DATA SHOWN
BEGIN
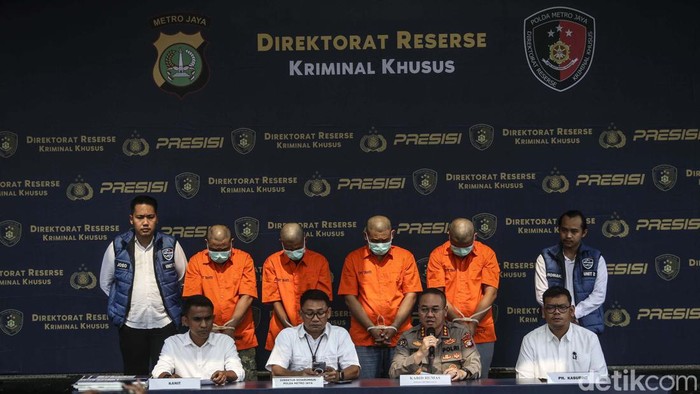 Direktorat Reserse Kriminal Khusus Polda Metro Jaya mengamankan empat pelaku penipuan tiket konser Coldplay. Mereka menipu korban sebanyak Rp 20,35 juta.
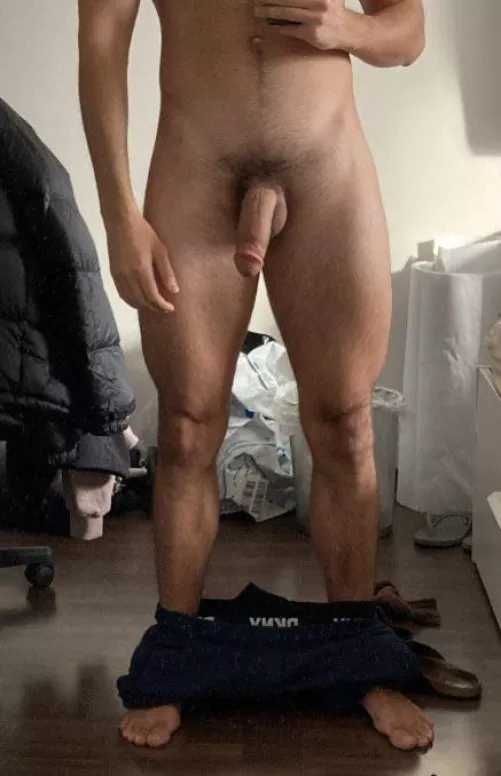 Who likes taking soft dicks in their mouth to make it hard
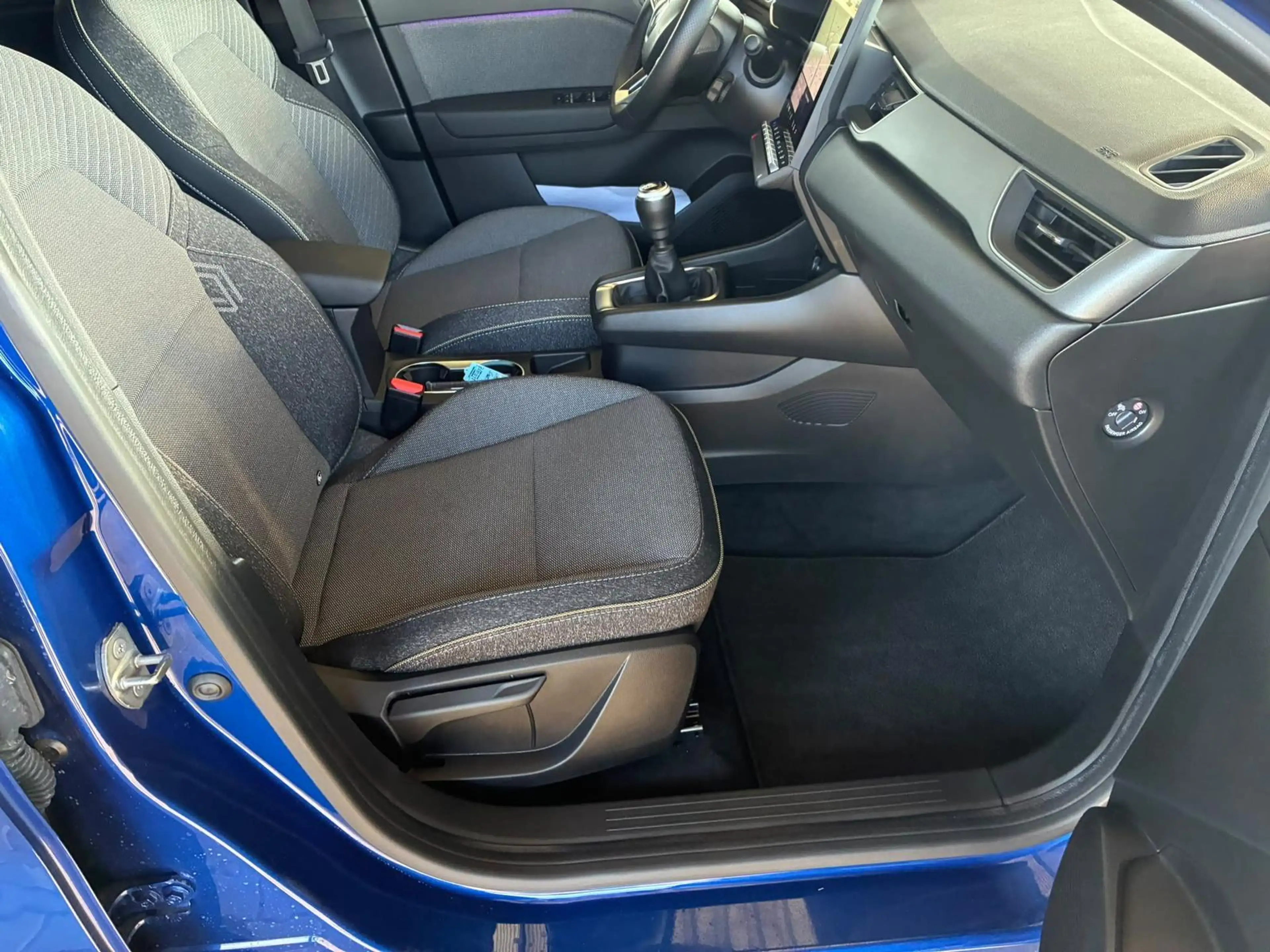 Renault Captur Techno TCe 90 1.0 Turbo 6-MT / Tempomat Kamera ... — photo 11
END
TASK REQUIREMENTS
The line containing "Who likes taking" and every line after it, through the end of the material above, are to be printed exactly; no pictures belong in the output.

REPLY TO THE TASK
 Who likes taking soft dicks in their mouth to make it hard
 Renault Captur Techno TCe 90 1.0 Turbo 6-MT / Tempomat Kamera ... — photo 11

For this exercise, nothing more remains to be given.